Am I crazy? Am I alone? Maybe. You tell me.

Here are my top Tax Day hates.

1. Paperwork

Why isn't there a riot about this? According to the National Taxpayers Union, we each waste about 12 hours a year, every year, filling out this crazy stuff. Schedule B. Schedule C. Above the line. Below the line. Deductions, exemptions, non-refundable credits. Medical bills over 7.5% of adjusted gross income.

It's like we're being mugged and held hostage. Every year.

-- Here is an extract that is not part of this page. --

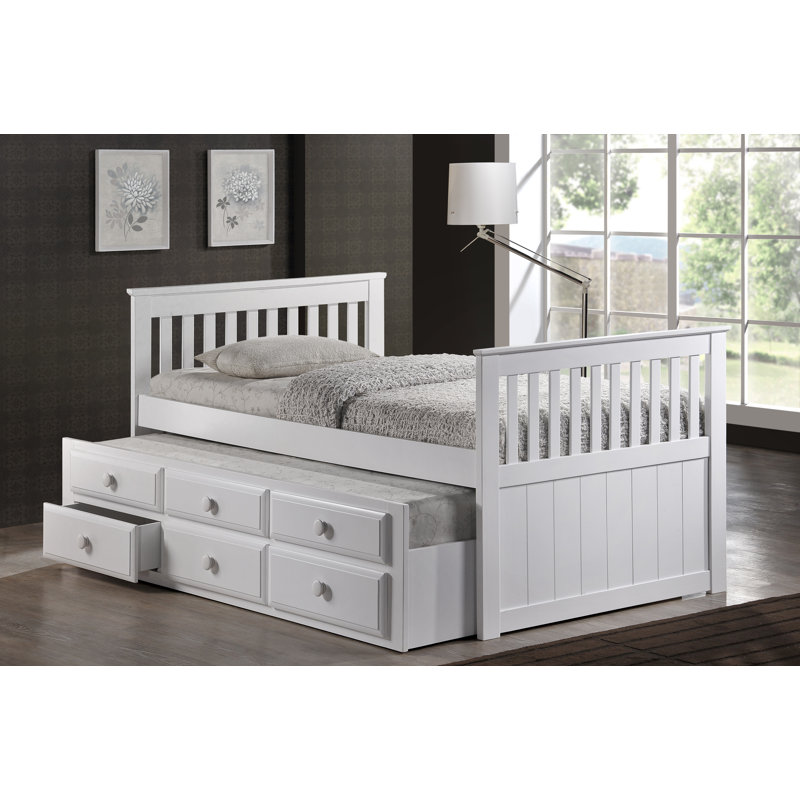 Kids Twin with Trundle, Dark Brown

The instruction booklet for the 1040 now runs to 189 pages. No kidding. Seventy-five years ago, says the NTU, it was two pages.

The U.S. tax code is insane and out of control. It's tripled in a decade. It now runs to 3.8 million words. To put that in context, William Shakespeare only needed 900,000 words to say everything he had to say. Hamlet. Othello. The history plays. The sonnets. The whole shebang. But the IRS needs four times as many words? Really?

2. Dishonesty

Your tax bill this year is a lie. You're only seeing about two-thirds of the full cost of government services. Really. Taxes are $2.3 trillion. Government spending is $3.6 trillion. The rest is being put on the national credit card.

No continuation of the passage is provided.